> [RECORDS SUPPLIED]
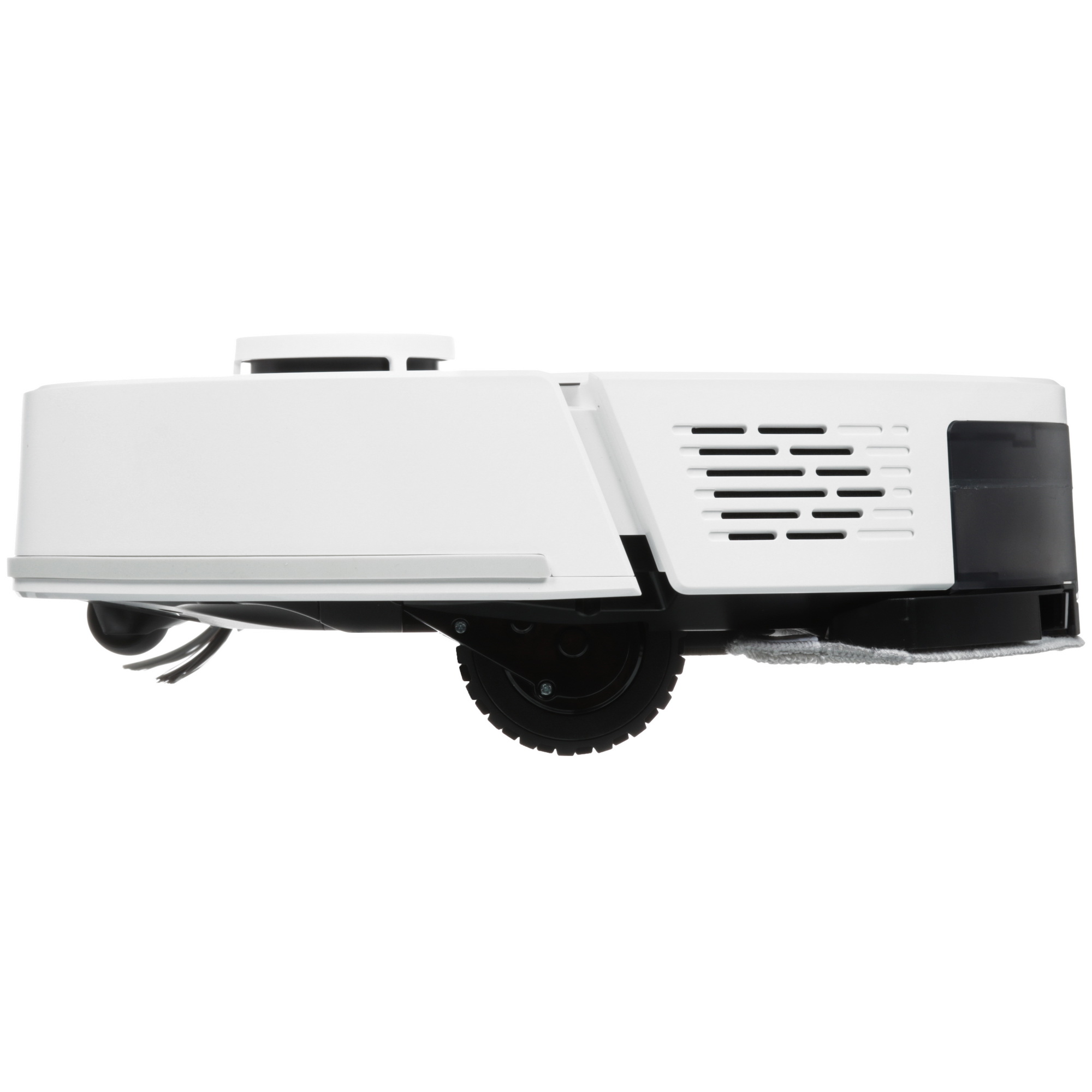 5610472 Робот-пылесос HONOR CHOICE Robot Cleaner R3 белый STDN-0119478 - Вид №4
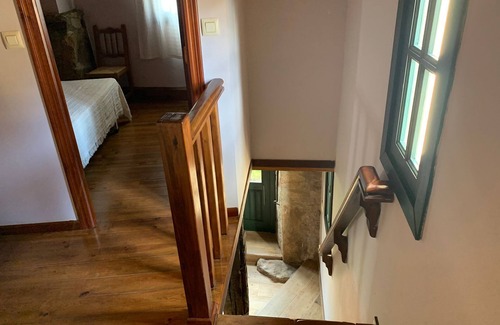 Merza Apartment | Apartamento Bodegón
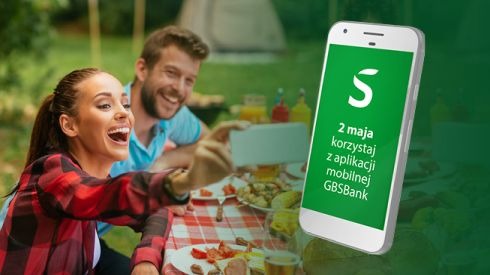 Zdjęcie do aktualności Szykujcie się na wielkie majówkowanie!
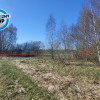 Działka Wysin ul.  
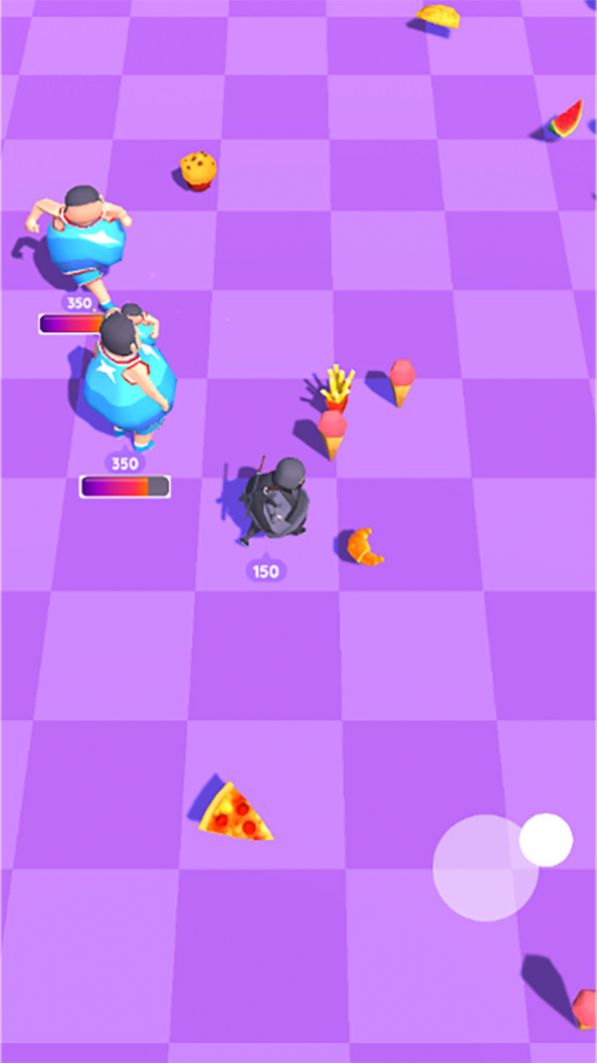 胖子竞赛游戏安卓手机版  v0.2.2图3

> [YOUR ASSIGNMENT] Before copying the data, remove the pictures. Then repeat the rest exactly.

> [ANSWER TO THIS TASK]
 5610472 Робот-пылесос HONOR CHOICE Robot Cleaner R3 белый STDN-0119478 - Вид №4
 Merza Apartment | Apartamento Bodegón
 Zdjęcie do aktualności Szykujcie się na wielkie majówkowanie!
 Działka Wysin ul.  
 胖子竞赛游戏安卓手机版  v0.2.2图3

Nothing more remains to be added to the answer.